## TASK OBJECTIVE
Please repeat, exactly as written, the line containing "a bathroom with" and every line after it through the end of the records below, leaving out any pictures.

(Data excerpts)
——————

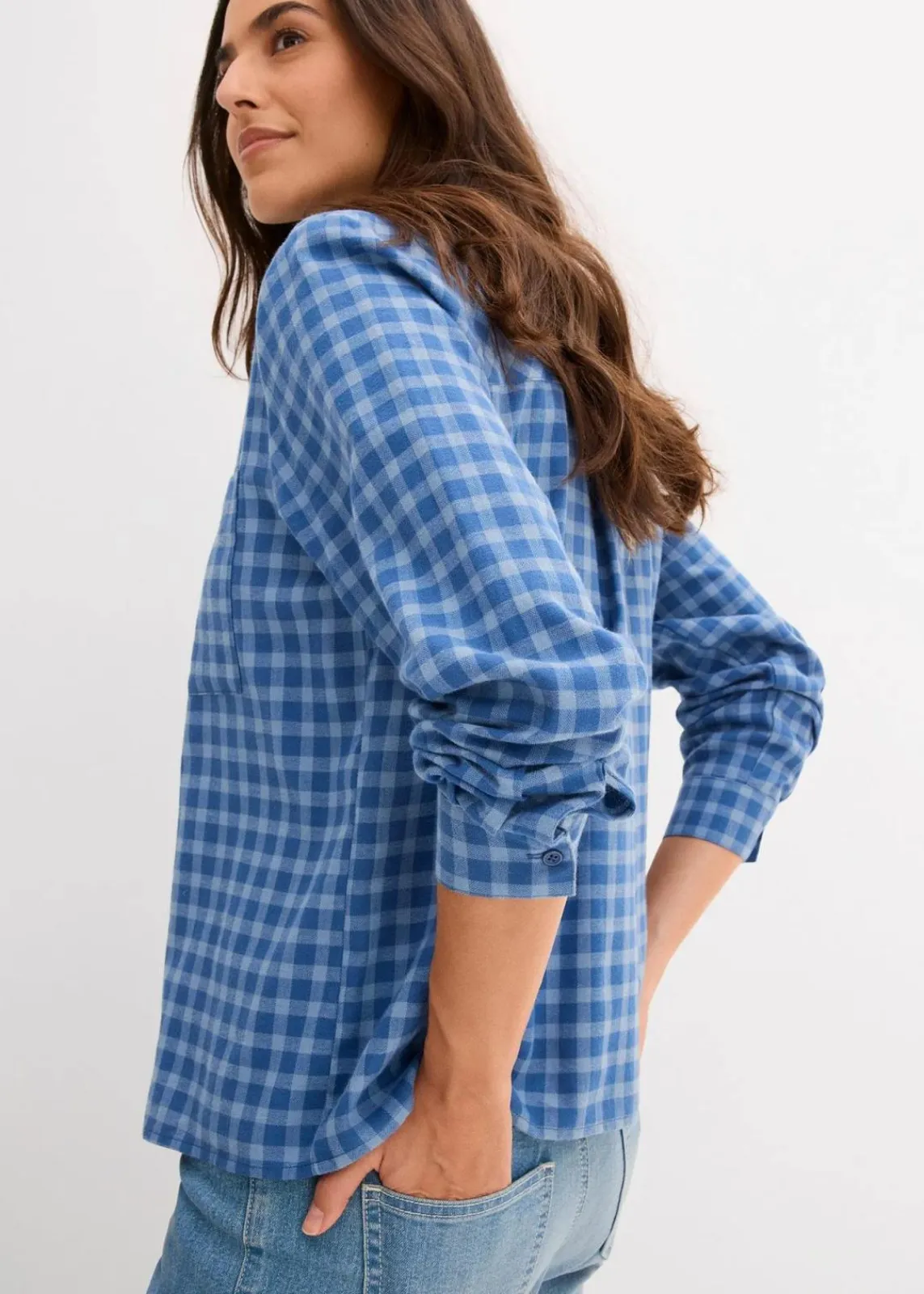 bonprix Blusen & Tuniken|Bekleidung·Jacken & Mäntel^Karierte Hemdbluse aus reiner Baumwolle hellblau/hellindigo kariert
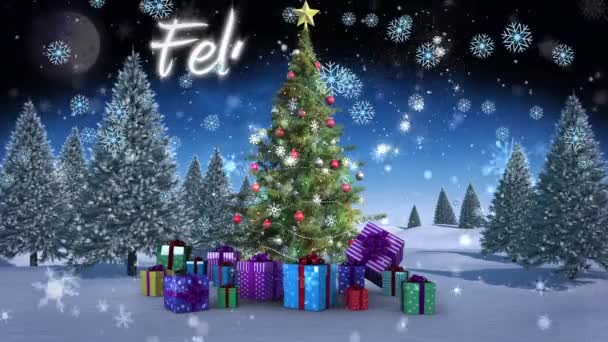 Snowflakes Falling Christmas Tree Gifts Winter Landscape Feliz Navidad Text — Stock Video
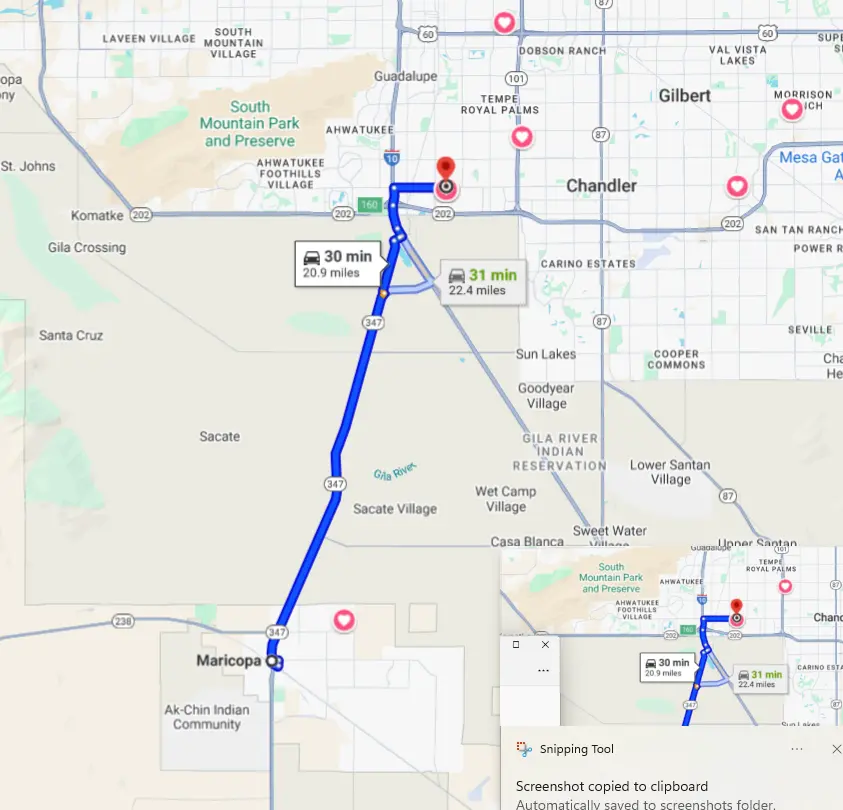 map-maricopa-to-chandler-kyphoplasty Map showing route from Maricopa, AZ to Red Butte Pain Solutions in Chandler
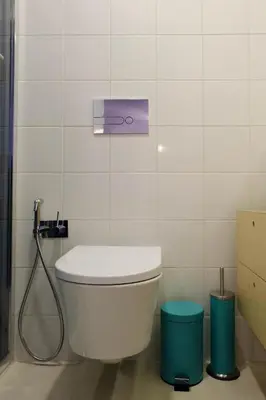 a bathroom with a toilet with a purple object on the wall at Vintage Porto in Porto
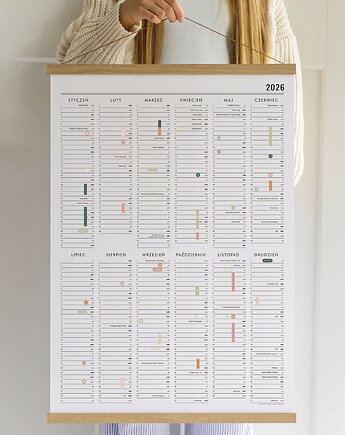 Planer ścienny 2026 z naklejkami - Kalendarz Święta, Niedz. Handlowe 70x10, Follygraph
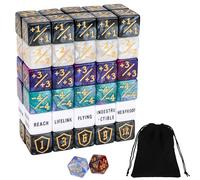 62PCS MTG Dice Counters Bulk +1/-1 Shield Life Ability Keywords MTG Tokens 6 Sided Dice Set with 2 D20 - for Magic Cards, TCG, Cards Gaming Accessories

——————

## YOUR RESPONSE
 a bathroom with a toilet with a purple object on the wall at Vintage Porto in Porto
 Planer ścienny 2026 z naklejkami - Kalendarz Święta, Niedz. Handlowe 70x10, Follygraph
 62PCS MTG Dice Counters Bulk +1/-1 Shield Life Ability Keywords MTG Tokens 6 Sided Dice Set with 2 D20 - for Magic Cards, TCG, Cards Gaming Accessories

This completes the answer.